• TASK BRIEF: Omit the pictures and return exactly the stretch of the material below from the line with "8 BR in Tampa" through the line with "#fashiondrawing".

• DATA:
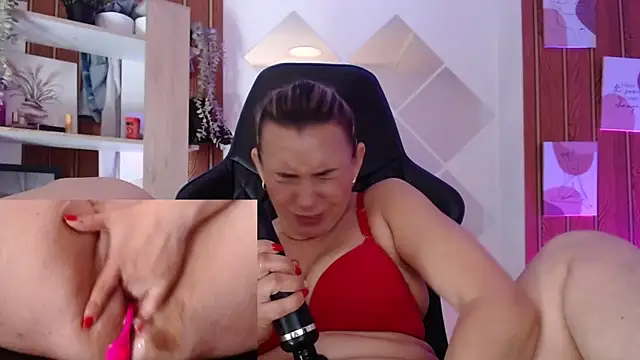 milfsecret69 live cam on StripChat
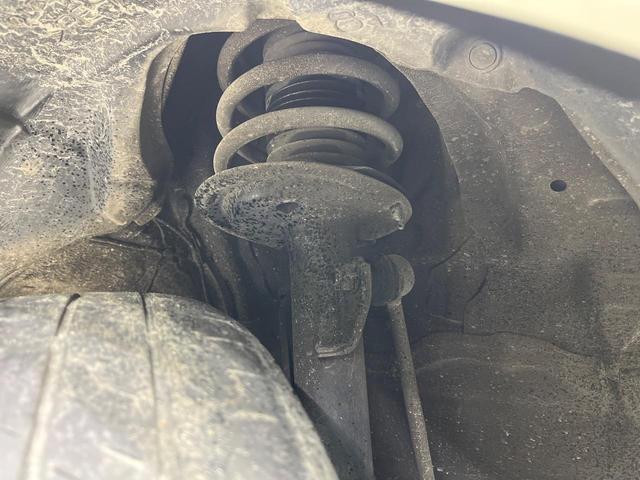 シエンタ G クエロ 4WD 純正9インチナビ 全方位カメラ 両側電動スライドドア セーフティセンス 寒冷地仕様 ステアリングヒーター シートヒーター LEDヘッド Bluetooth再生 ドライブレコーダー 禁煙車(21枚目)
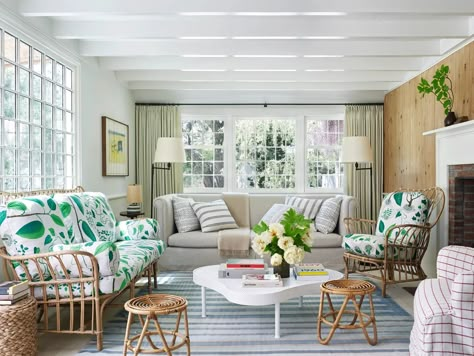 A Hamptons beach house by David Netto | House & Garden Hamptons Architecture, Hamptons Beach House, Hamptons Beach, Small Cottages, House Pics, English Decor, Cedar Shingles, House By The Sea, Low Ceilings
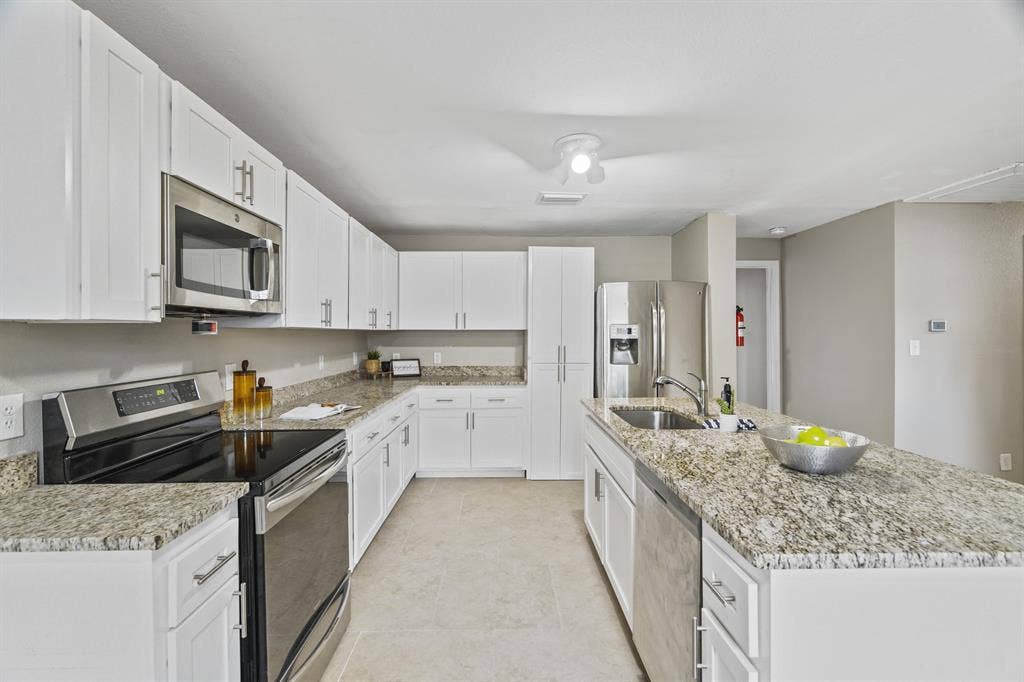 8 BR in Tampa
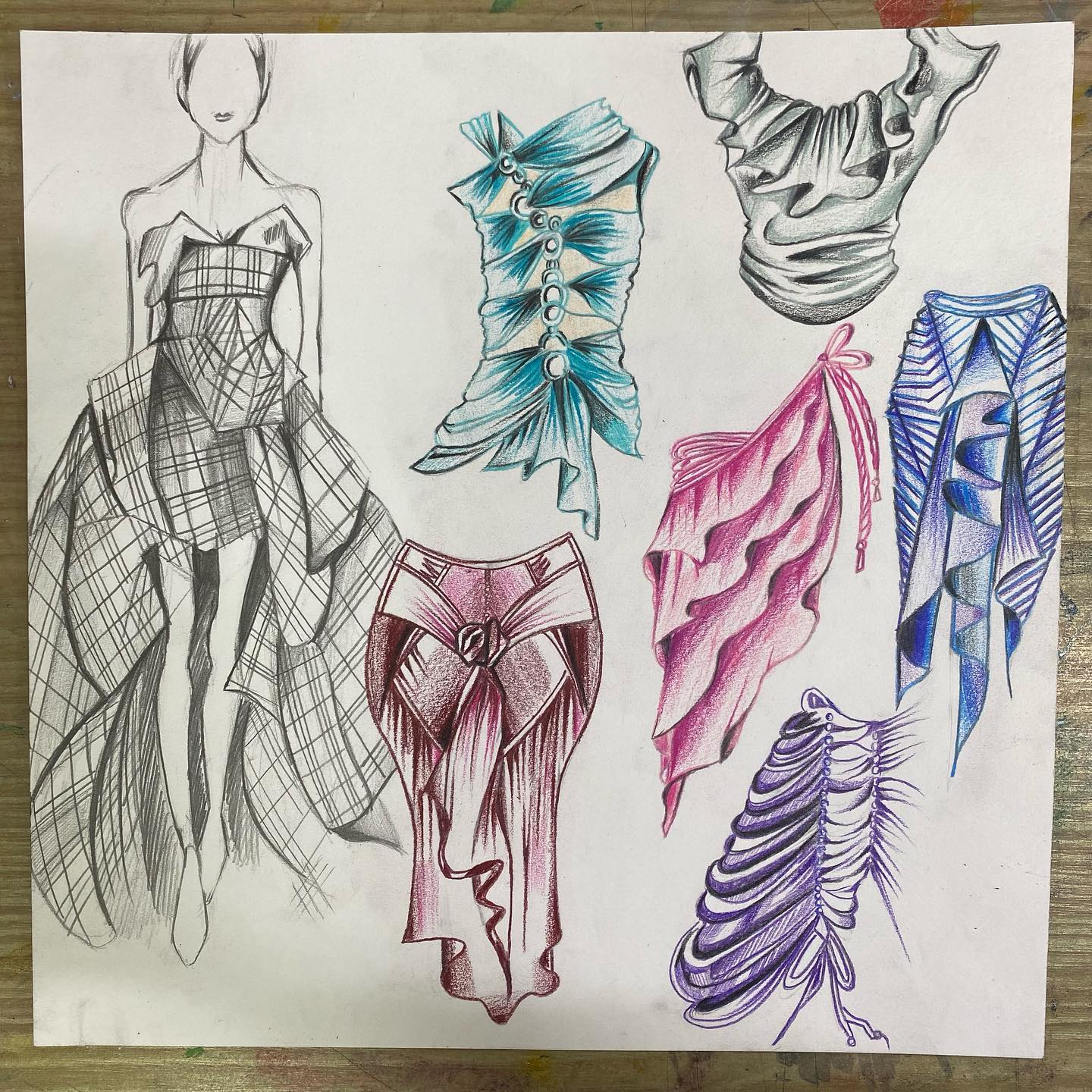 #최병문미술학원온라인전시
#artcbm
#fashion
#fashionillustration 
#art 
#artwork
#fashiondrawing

==

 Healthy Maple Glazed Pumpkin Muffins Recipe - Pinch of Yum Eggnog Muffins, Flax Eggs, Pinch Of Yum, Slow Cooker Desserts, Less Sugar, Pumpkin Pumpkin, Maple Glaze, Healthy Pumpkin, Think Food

• REPLY TO THE TASK:
 8 BR in Tampa
 #최병문미술학원온라인전시
#artcbm
#fashion
#fashionillustration 
#art 
#artwork
#fashiondrawing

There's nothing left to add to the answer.